I got a comment on one of the posts asking this question and I started writing a comment-answer but it turned into a long-winded rant so I decided to blog it instead:)

So you’re looking at a dump and run !gcroot on your object but it doesn’t find a root. Then why is it still around on the heap…

There are many reasons for this but the short answer is: It was still alive (rooted) last time a garbage collection for that specific generation was run.

This is not completely true… it could be that there is a problem with !gcroot in this specific case causing it to not find the root but this would be pretty rare. It could also be that you are running the workstation version where only partial collections are done if the garbage collection take too long, since the workstation GC is optimized for applications with UI and we don’t want to block the UI threads causing the UI to flicker.

Short of this, we can go back to “the object was alive during the last collection” and take a look at some of the cases for this

Garbage collection didn’t run yet for this generationPermalink

Garbage collection is allocation triggered except for in a few cases such as the app manually calling GC.Collect() or the ASP.NET cache reduction mechanism for example.

What does this mean?

Simplified, each generation (0, 1, 2 and large object) has a limit. I.e. how much data can be stored in each generation before a garbage collection occurs. These limits are dynamically changed based on the applications memory usage.

When the application allocates a new object and the limit for generation 0 is exceeded, a gen 0 GC is triggered. Objects in use (rooted) are then moved to Gen 1. If this causes the Gen 1 limit to be exceeded a Gen 1 GC is triggered and objects in-use move to Gen 2 etc. Gen 2 is currently the max generation. Large objects are treaded separately.

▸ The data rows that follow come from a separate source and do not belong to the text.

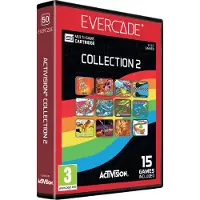 Evercade Activision Collection 2 Spiel
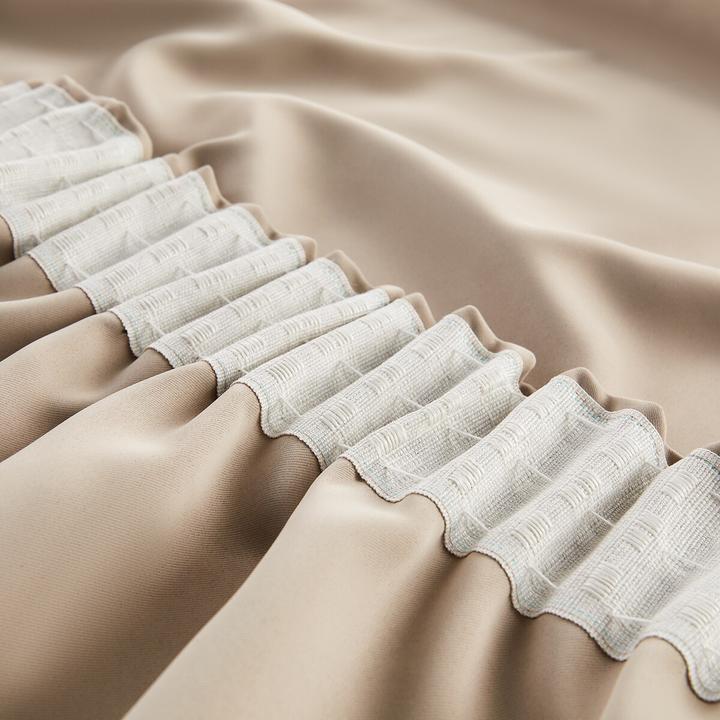 Produktbild La Redoute Interieurs Voda (250 x 140 cm)
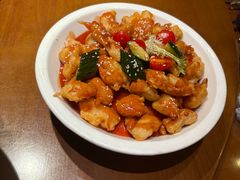 -凤凰山斑鱼馆(恭城店)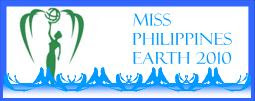 Miss Philippines-Earth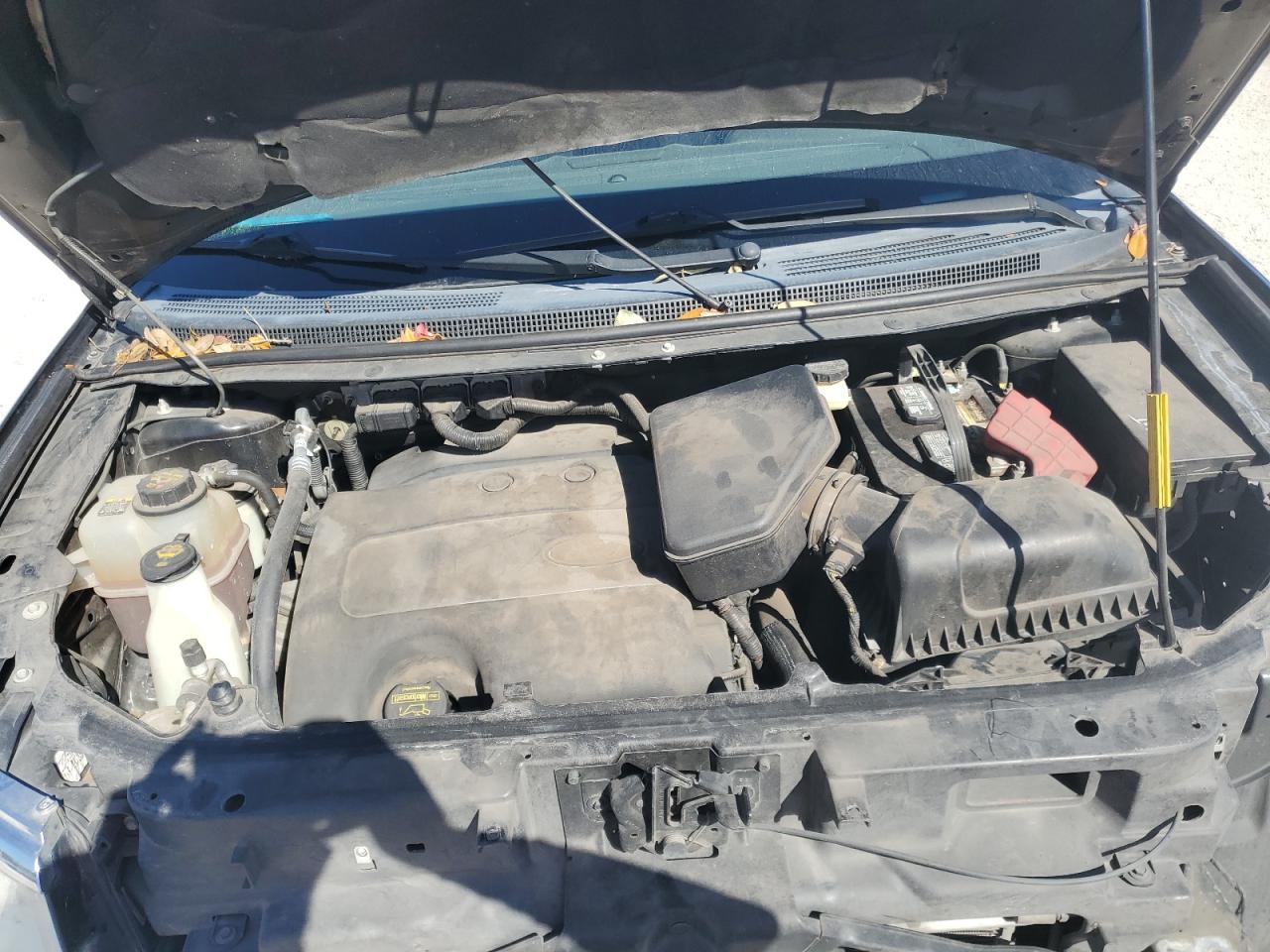 2013 Ford Edge Limited VIN: 2FMDK3KC5DBB94013 Lot: 90838455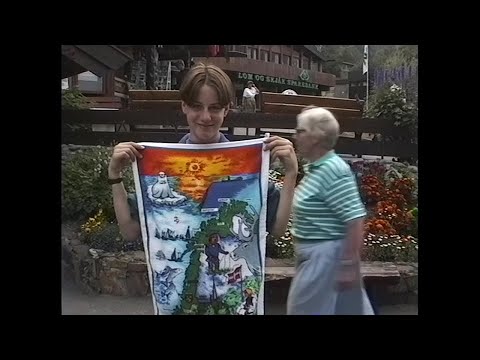 01 Aug 1995 · Video footage from today's ride - 2021 Full Remaster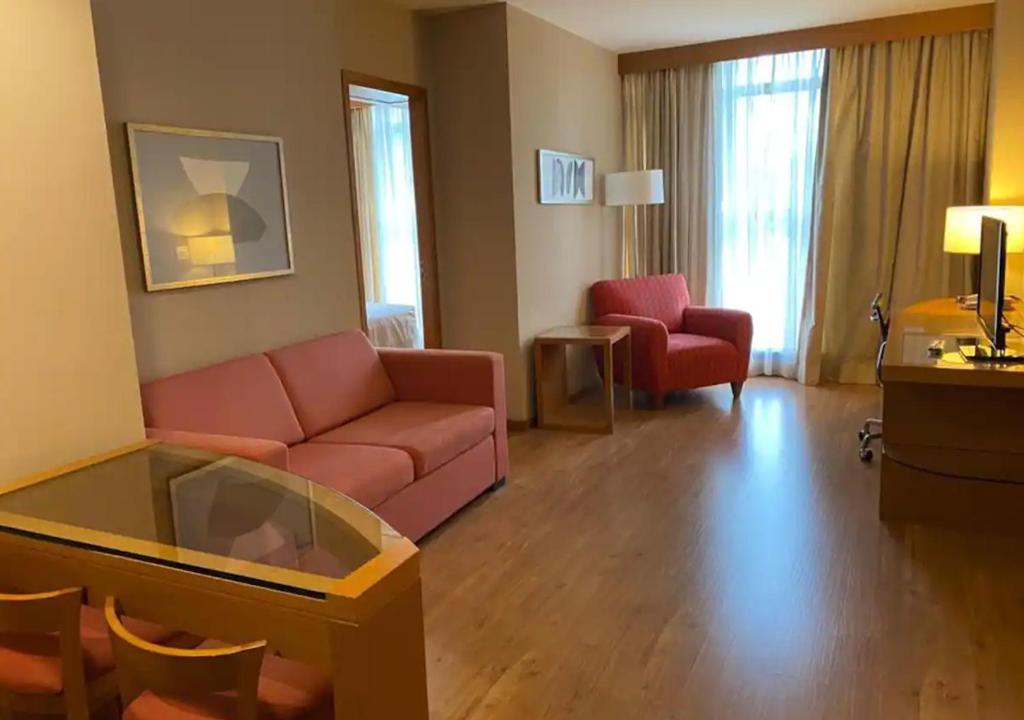 Flat no Brasil 21 Suítes - Housity
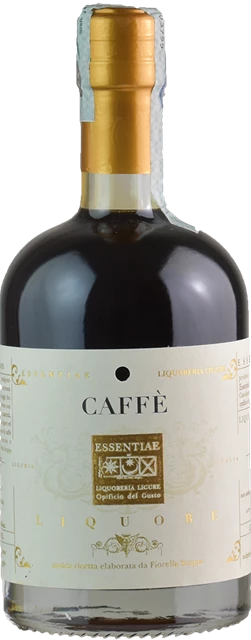 Front Lunae Bosoni Essentiae Liquore di Caffè 0.5L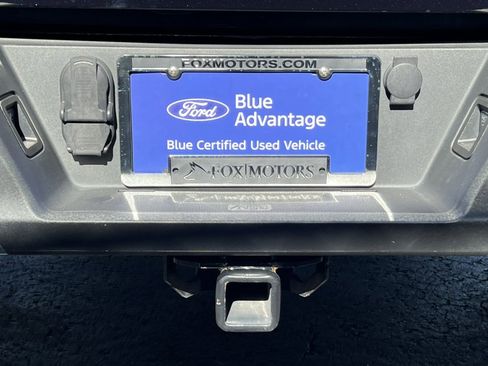 Certified 2022 Ford F150 XLT w/ Equipment Group 302A High image 15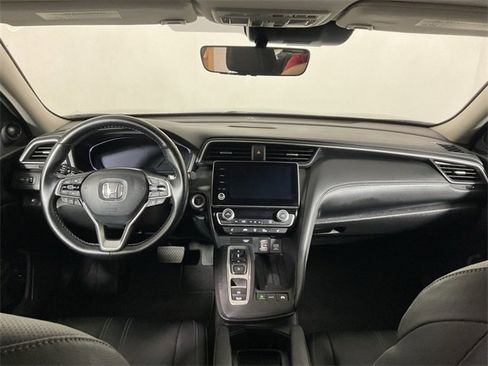 Used 2022 Honda Insight Touring image 22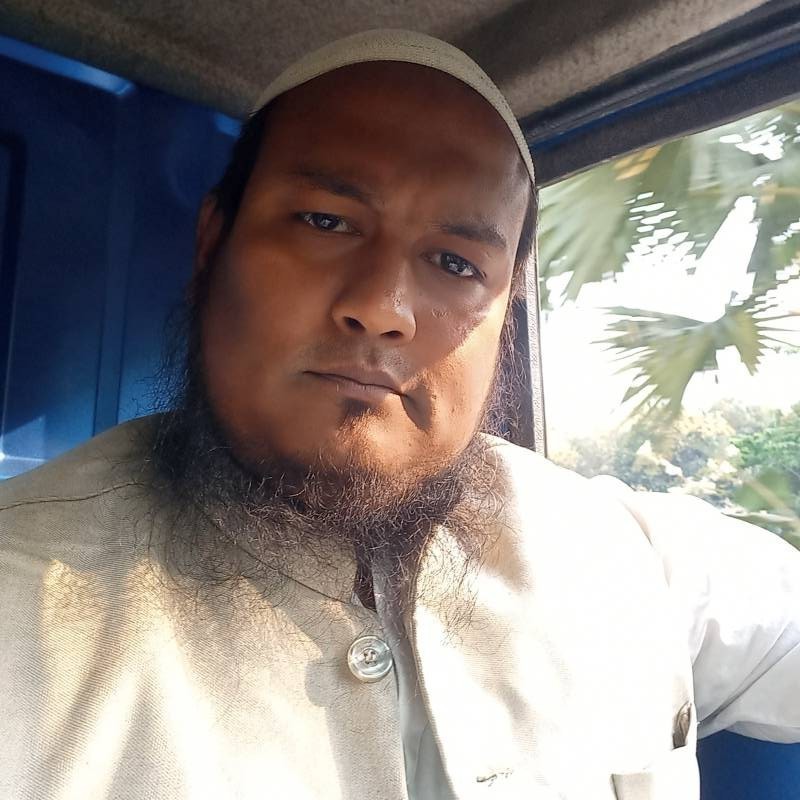 Zaman, 39, Moncin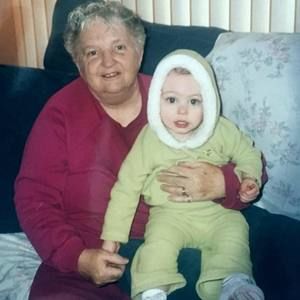 Meet your Posher, Isabella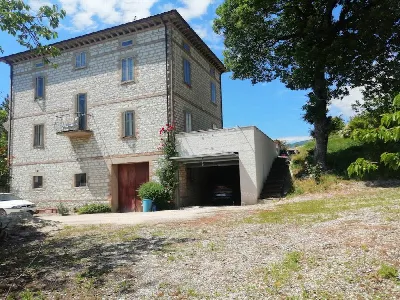 Rustico/Casale in vendita a Sassoferrato - foto 7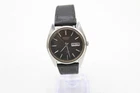 # Vintage Gents Seiko 6309-8020 Automatic Black Dial Wristwatch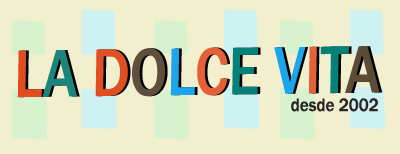 La Dolce Vita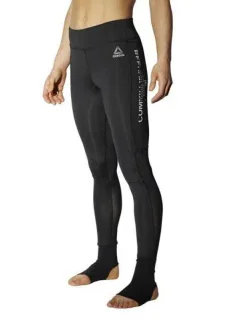 Dámske legíny Combat Ankle Lock W S96545 - Reebok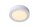 LED Deckenlampe blendarm Weiß 3000K IP44 Ø18 cm rund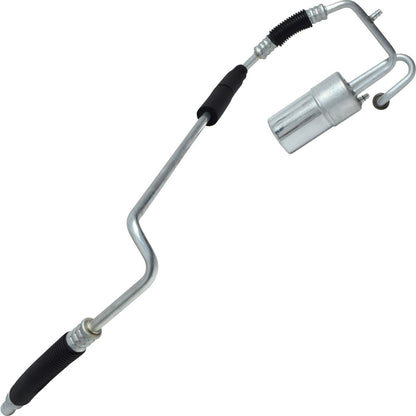 Universal Air Cond HA9283C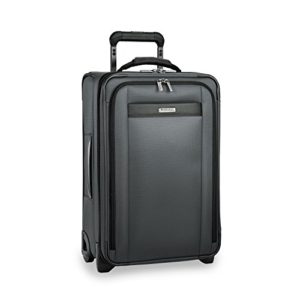 Briggs & Riley Transcend Tall Carry-on Expandable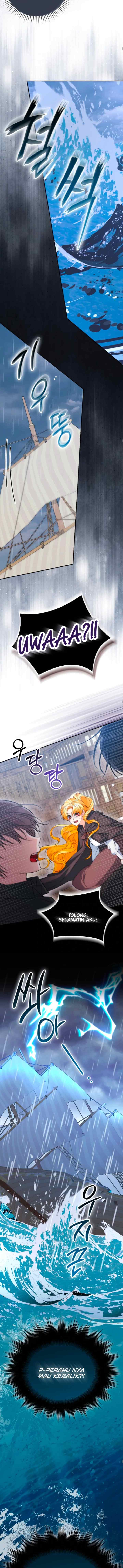 Picking Up a Suspicious Husband chapter 13 halaman 13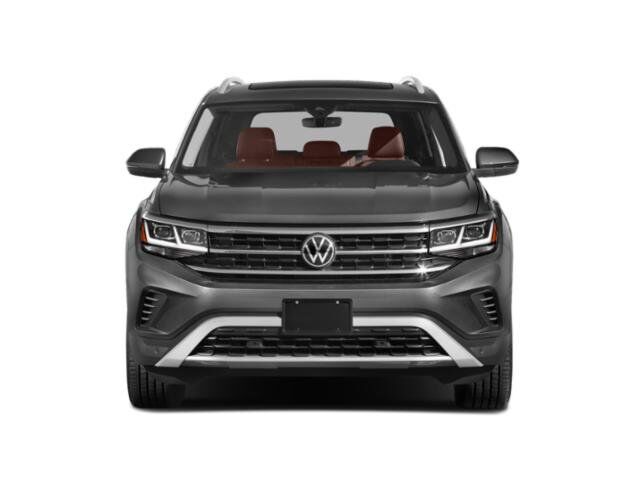 2021 Volkswagen Atlas 3.6L V6 SEL San Juan TX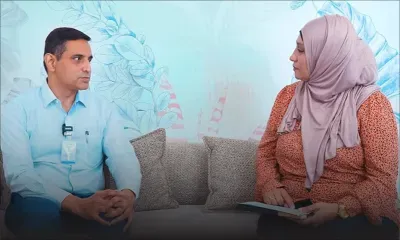 Comprendre les troubles urologiques avec le Dr Raghubir Bhardwaj, Senior Urologist à C-Care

So let’s say you perform a stress test, and then leave the server idle for 4 hours with no requests, this means that no new allocations are made and thus no new GCs are triggered so the memory used for the process will never get reduced. In essence, this does not mean that you have a memory leak, it just means that you are not triggering any new GCs. A proper stress test should have some kind of slow-down period after the main stress.

Going back to the objects that are not rooted…

So now we know that the most likely reason is that a garbage collection of that generation has not occurred since the object was un-rooted.

Your object needs finalizationPermalink

Another alternative is that the object has a finalizer method, and thus is registered (and rooted) with the finalizer and will therefore be held until the finalizer thread gets around to finalizing it. Or it could be a member variable of an object with a finalizer.

This would not show up in !gcroot, but you can see the object show up in !finalizequeue.

Implementing a finalize method (even if there is no code in it) will automatically put your object on the finalize queue which means that your object will survive at least one garbage collection, therefore you should carefully consider if your object really needs a finalizer.

Worst case scenario your finalizer might be blocked so it will take a long time for your object to be finalized if ever… (run !threads to identify the finalizer thread and check if perhaps it is stuck when finalizing objects). I have on my todo list to write a “case study” on blocked finalizers.

Your object is a ‘large object’Permalink

Another alternative is that the object you are looking at is a “large object”, or a member variable of a “large object”. Garbage collection of the large object heap is much more infrequent than the small object heap, which means that any object that is stored on the large object heap may stay around for a substantial amount of time.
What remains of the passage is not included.